## Data
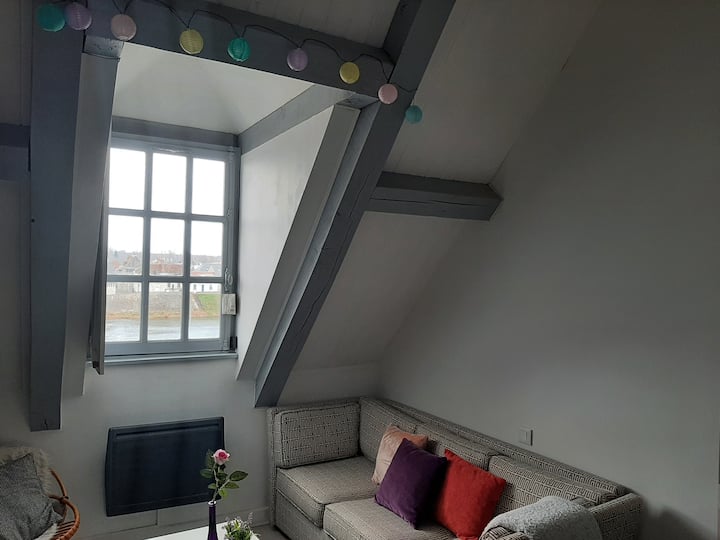 Amboise Vacation Rentals Airbnb
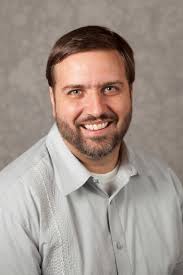 Writers Series bringing award-winning authors to GVSU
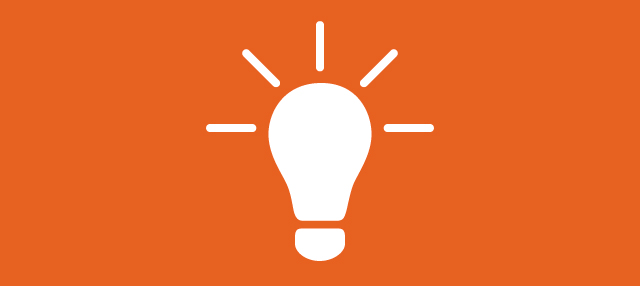 Creatividad low cost en redes sociales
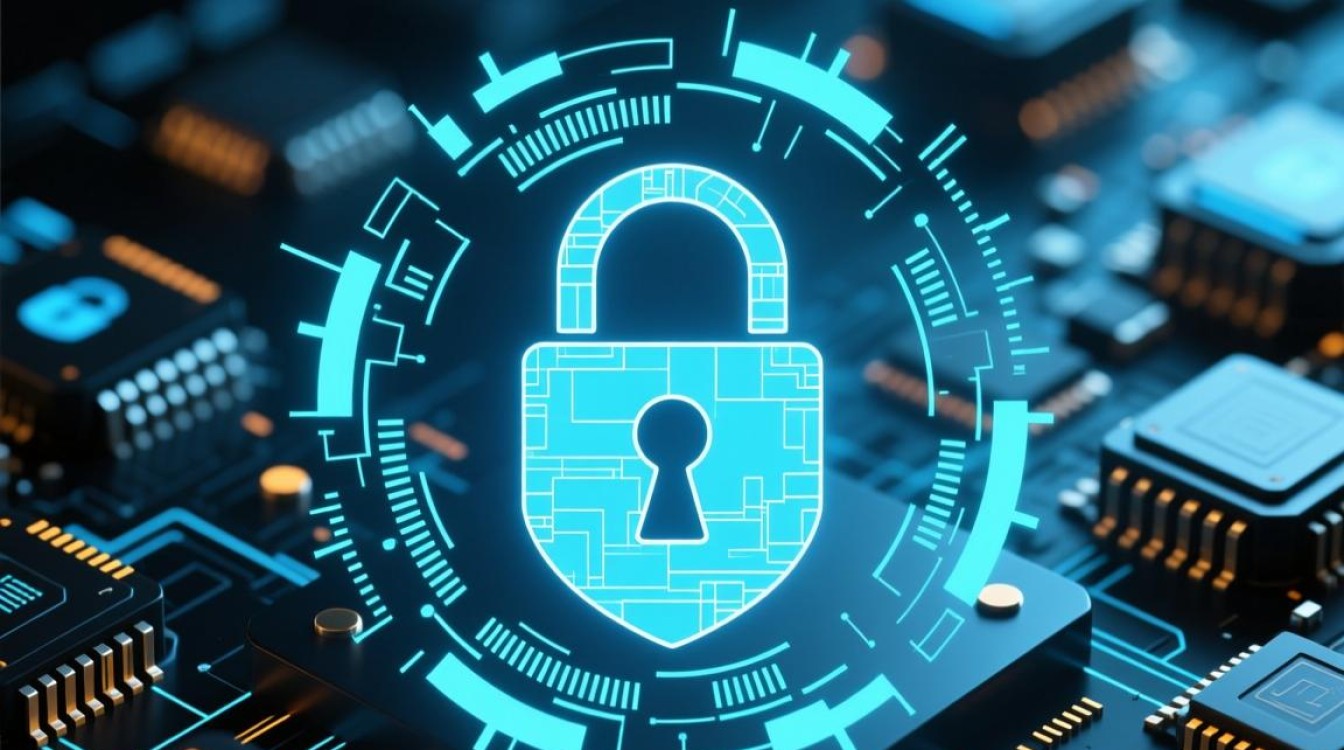 安全数据软件选哪个？企业数据安全如何保障？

## Exercise requirements
Beginning with the line that contains "Writers Series bringing" and ending with the last line of the data, transcribe each line exactly; pictures stay out.

## Answer box
 Writers Series bringing award-winning authors to GVSU
 Creatividad low cost en redes sociales
 安全数据软件选哪个？企业数据安全如何保障？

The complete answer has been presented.